Chapter 3 of this book studies the energy efficiency of geographic opportunistic routing (GOR). First, we motivate the energy efficiency issues of opportunistic routing in the context of sensor networks. Next, we propose a metric, Expected Packet Advancement (EPA) per unit energy consumption, in order to balance the packet advancement, reliability and energy consumption of GOR. By leveraging the proved principles in Chapter 2, we then propose two efficient algorithms that select a feasible candidate set that maximizes this local metric. We validate our analysis results by simulations and justify the effectiveness of the new metric by comparing the performance of our GOR with those of the existing geographic and opportunistic routing schemes.
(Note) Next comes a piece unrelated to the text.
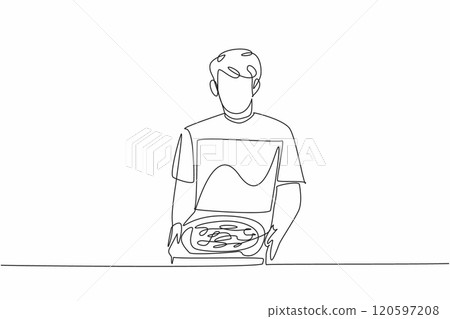 Continuous one line drawing a young man opening a box of pizza. Preparation and enjoyment of food. Fiest culinary events. Delicious. National Pizza Day. Single line draw design vector illustration Continuous one line drawing a young man opening a box of pizza. Preparation and enjoyment of food. Fiest culinary events. Delicious. National Pizza Day. Single line draw design vector illustration 120597208
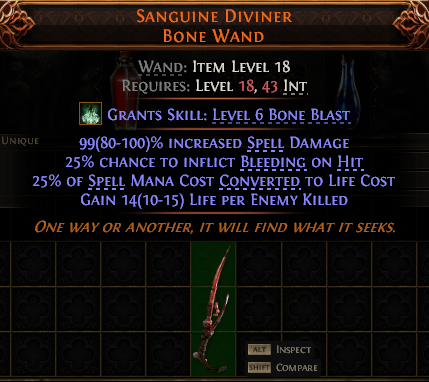 Sanguine Diviner Bone Wand#549189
Chapter 4 of this book analyzes the throughput bound and capacity of opportunistic routing given the routing strategy, i.e. the forwarding candidates of each node and the corresponding relay priority. We will first give a brief introduction on computing end-to-end throughput of traditional routing and explain why the corresponding methodology cannot directly apply to opportunistic routing, which motivates the proposed framework and methodology. The maximum end-to-end throughput problem is formulated as a maximum-flow linear programming (LP) problem subject to the constraints of forwarding candidate set conflicts. The methodology establishes a theoretical foundation for the evaluation of the performance limits of variants of opportunistic routing protocols and strategies.

Chapter 5 extends the framework proposed in Chapter 4 to deal with dynamic opportunistic routing strategies and multi-radio, multi-channel scenario. An LP approach and a heuristic algorithm is proposed to obtain an opportunistic forwarding strategy scheduling that satisfies a traffic demand vector for a hyperlink, which contains all the outgoing links from a transmitter to all its forwarding candidates.

Chapter 6 of the book investigates the state-of-the-art of the candidate coordination schemes of opportunistic routing at the medium access control layer. These schemes include GeRaF collision avoidance MAC, contention-based forwarding, ExOR batch-based MAC, slotted acknowledgment (ACK), and compressed slotted ACK. A new scheme, called “fast slotted acknowledgment (FSA)”, is described in detail. The scheme adopts a single ACK to confirm the successful reception and suppress other candidates' attempts to forward the data packet with the help of a channel-sensing technique.

Chapter 7 shows how network coding can help ease the candidate coordination in opportunistic routing. It will include an introduction on network coding, how it can help ease the candidate coordination, and on integrating opportunistic routing/broadcast with network coding. A classical work integrating opportunistic routing and network coding, MORE, will be introduced. Recent advancements on integrating symbol-level network coding and opportunistic routing in wireless broadcast are introduced.

Chapter 8 of this book studies the impacts of multirate, candidate selection, prioritization, and coordination on the throughput of GOR under a contention-based medium-access scenario. It will also introduce distributed algorithms to compute the optimal path and transmission rate in multirate opportunistic routing.

Chapter 9 of the book discusses possible attacks on opportunistic routing and countermeasures. We analyze the security vulnerabilities of the existing link quality-measurement mechanisms, and their impacts on opportunistic routing and traditional routing. We present a broadcast-based secure link quality measurement mechanism that prevents a neighboring node from maliciously claiming a higher measurement result. The secure link quality measurement helps to secure the link-state-based opportunistic routing and traditional routing.

Chapter 10 studies the opportunistic broadcast in vehicular networks. Traditional connected dominant set-based broadcast or multi-point relay-based broadcast both suffer from unreliable wireless links in the similar way as that in traditional unicast routing. The broadcast performance can also be improved by introducing the concept of opportunistic forwarding.

Chapter 11 presents the conclusion of this book and discusses some future research topics related to opportunistic routing.